Les enfants acquiescent et Florence reprend :
- Voilà j'ai fait des examens parce que je sentais que j'avais une boule dans mon sein. Après analyses du prélèvement il s'avère que j'ai un cancer du sein. Je vais me faire opérer rapidement et ensuite je vais commencer un traitement. Avec votre père nous sommes confiants. Ne vous tracassez pas pour moi, le mot " cancer " fait plus peur et je...
Ma fille se lève furieuse et en renverse sa chaise. Elle part en courant dans son ancienne chambre et nous sursautons lorsqu'elle en claque la porte.

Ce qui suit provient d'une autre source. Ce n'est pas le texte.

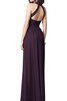 Abito da Damigella Anello A-Line A Terra in Chiffon con Increspato - 2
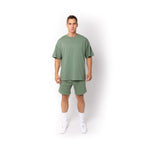 Just Like Hero HERO-300, Unisex Super Heavy Oversized Tee, Dusty Green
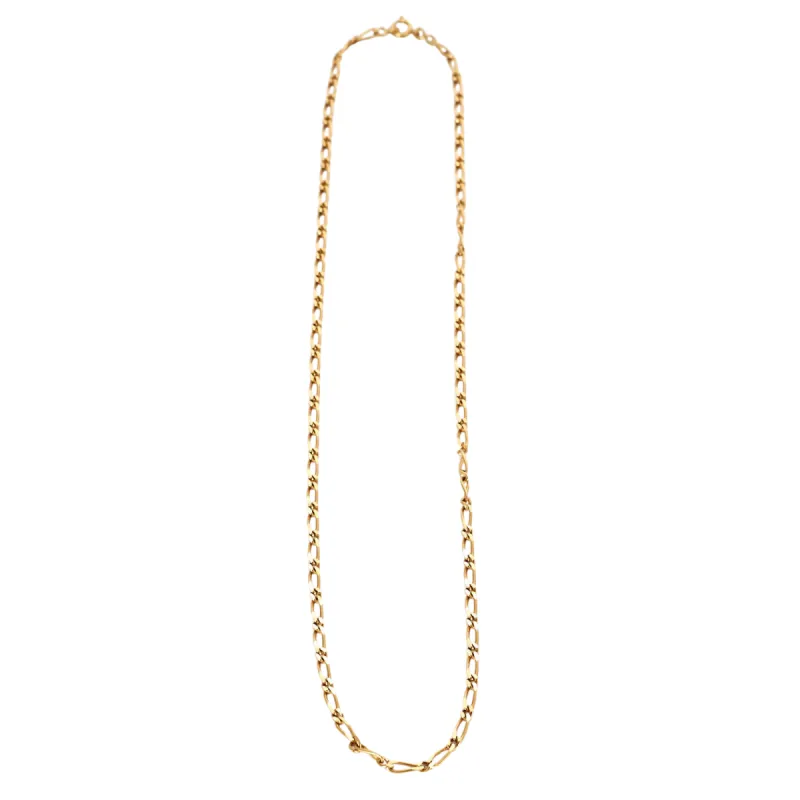 Chaine or jaune maille alternée sold by 58 Facettes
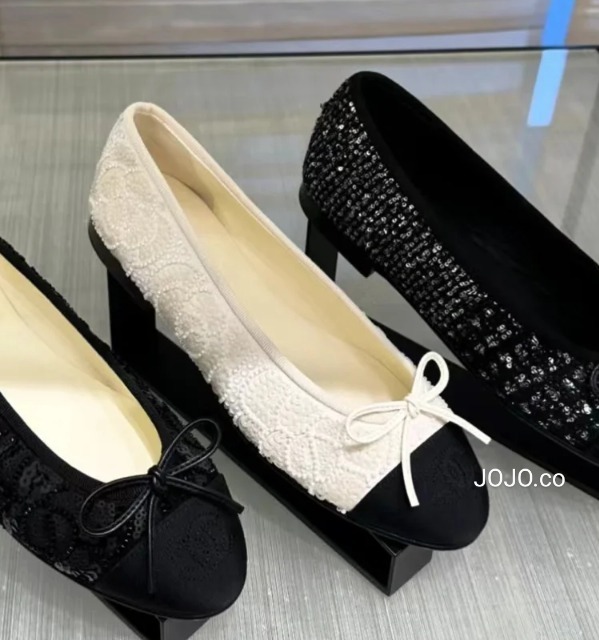 《足元から華やか♡》CHANELバレリーナパンプス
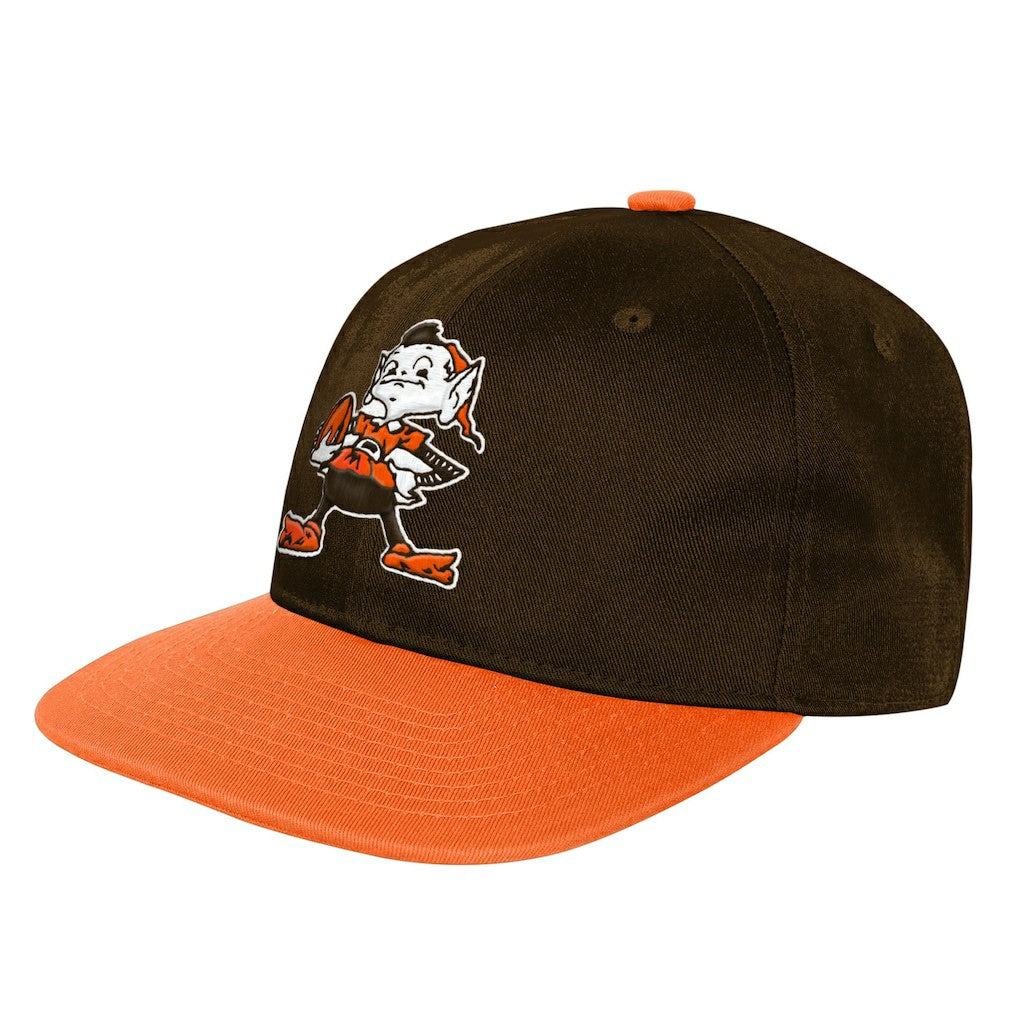 Cleveland Browns Outerstuff Youth True Retro Adjustable Hat - Brown Hats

- Reste avec Adrien, j'y vais.
Je presse l'épaule de mon fils au passage et me dirige vers la chambre de ma fille. Je toque à sa porte et l'ouvre en douceur. Ma fille est là, en larme accroupie le dos au mur, la tête plongée dans ses mains. Je m'asseois simplement à coté d'elle à même le parquet et l'attire dans mes bras.
- Pourquoi papa ? Pourquoi ? Je sais très bien qu'il ne faut pas minimiser cette maladie !

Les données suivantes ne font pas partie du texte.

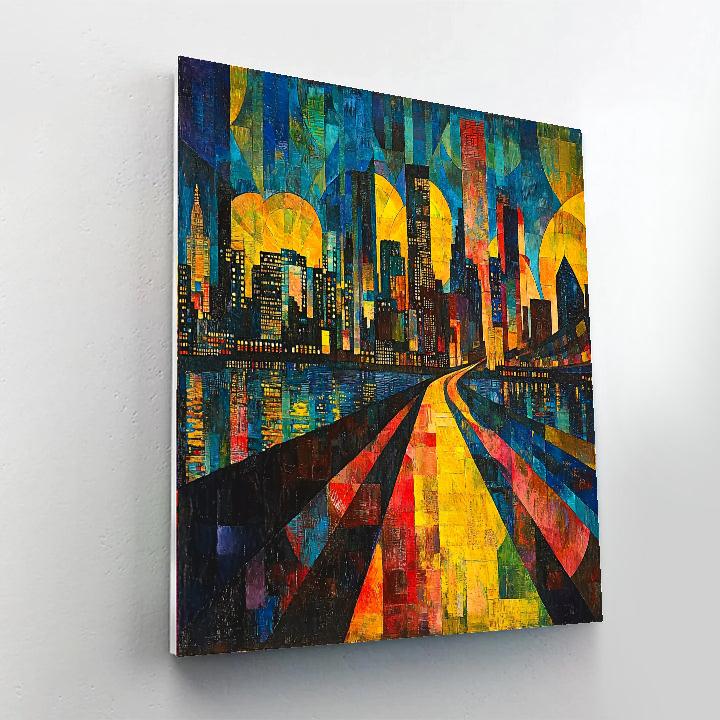 Robert Delaunay Inspired Electric Horizon  Paint By Number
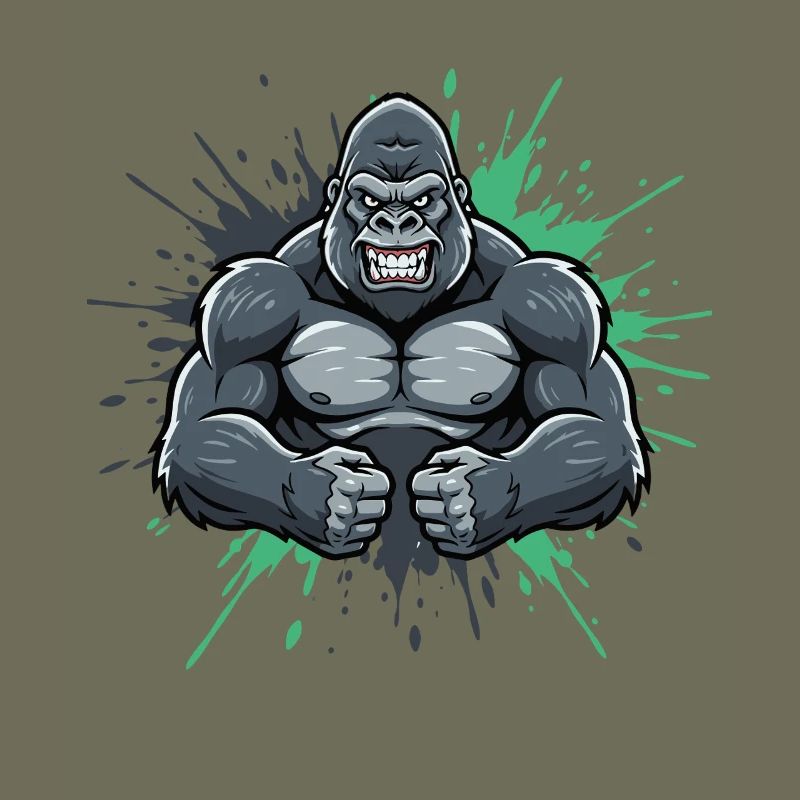 Gorilla Kraft Comic Smash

- Je ne peux pas te répondre ma chérie mais je peux simplement te dire qu'il va falloir qu'on soit fort. Toutes les forces de maman doivent être concentrées sur cette bataille et nous, nous l'aiderons du mieux que nous pourrons.
- Oui. Ça m'a énervé qu'elle minimise la chose, je sais très bien ce que ça signifie. J'étais petite mais j'ai quelques vagues souvenirs quand grand mère était malade ! Je ne veux pas qu'elle meurt ! J'ai peur papa !
Ses larmes coulent de plus belle et j'essaie de soulager sa peine est ses peurs comme je le peux.
- Ta mère est une battante ! je lui dis droit dans les yeux. Elle s'en sortira tu verras, elle enverra son cancer se faire foutre !
J'essaie de m'en convaincre également et entre deux sanglots ma fille pouffe de rire.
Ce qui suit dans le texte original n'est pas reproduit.